Another case going on with the SuperHuman Law Division is Jen and Nikki’s old workmate Dennis Bukowski’s issue with being defrauded by a shapeshifting Light-Elf from New Asgard who pretended to be Megan Thee Stallion. Would a reasonable person believe that Dennis could pull Megan Thee Stallion?? Probably not. But, is Dennis a reasonable person? Probably not.

Office Space at GLK/H

We get a little more of a peek into Jen’s and Holden Holliway’s offices. This is a high-end, well crafted office space. How does it compare to actual law firm offices in 2022? Where are the paralegal offices? Where is the diversity of lawyers at GLK/H? Why does Holliway have a bar in his office and Jennifer does not? We address all of these important issues.

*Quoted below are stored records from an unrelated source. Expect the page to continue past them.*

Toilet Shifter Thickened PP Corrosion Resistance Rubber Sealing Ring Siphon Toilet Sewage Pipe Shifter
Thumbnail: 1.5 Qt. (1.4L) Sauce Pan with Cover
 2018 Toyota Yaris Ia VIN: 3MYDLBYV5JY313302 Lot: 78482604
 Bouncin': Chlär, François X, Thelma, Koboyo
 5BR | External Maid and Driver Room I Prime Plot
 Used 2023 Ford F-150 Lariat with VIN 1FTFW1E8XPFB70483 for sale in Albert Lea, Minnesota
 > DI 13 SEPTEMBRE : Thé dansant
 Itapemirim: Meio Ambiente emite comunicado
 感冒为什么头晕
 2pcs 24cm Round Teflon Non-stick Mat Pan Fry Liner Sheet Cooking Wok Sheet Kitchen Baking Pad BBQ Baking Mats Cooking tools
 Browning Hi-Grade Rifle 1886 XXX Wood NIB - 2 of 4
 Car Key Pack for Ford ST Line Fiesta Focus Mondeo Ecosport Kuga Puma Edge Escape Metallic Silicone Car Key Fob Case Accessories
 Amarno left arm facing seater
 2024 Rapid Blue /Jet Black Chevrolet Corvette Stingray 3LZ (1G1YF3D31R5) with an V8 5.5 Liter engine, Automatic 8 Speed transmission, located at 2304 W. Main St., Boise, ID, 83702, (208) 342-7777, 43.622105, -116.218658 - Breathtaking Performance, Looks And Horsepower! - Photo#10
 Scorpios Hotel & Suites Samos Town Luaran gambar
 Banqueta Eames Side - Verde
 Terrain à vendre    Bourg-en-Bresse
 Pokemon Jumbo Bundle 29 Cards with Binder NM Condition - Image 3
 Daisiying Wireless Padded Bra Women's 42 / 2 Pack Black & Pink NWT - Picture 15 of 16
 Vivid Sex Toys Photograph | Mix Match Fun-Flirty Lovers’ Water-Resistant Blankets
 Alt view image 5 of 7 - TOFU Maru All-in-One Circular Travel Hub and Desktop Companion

The Wrecking Crew is Out for Blood
Who is the next “Big Bad” for She-Hulk? The Leader? Kingpin?
She-Hulk Thee Rainmaker
Perhaps the most controversial scene in Episode Three was the twerking by She-Hulk and Megan Thee Stallion after she is signed on as GLK/H’s news high-profile client. While real-life Twitter may have been upset, Mr. Holliway was not. Would a Managing Partner have something to say to a rainmaker dancing with her client? We discuss this, as well as the misogyny seen in the show, and how that compares to law firm life for women in the legal industry.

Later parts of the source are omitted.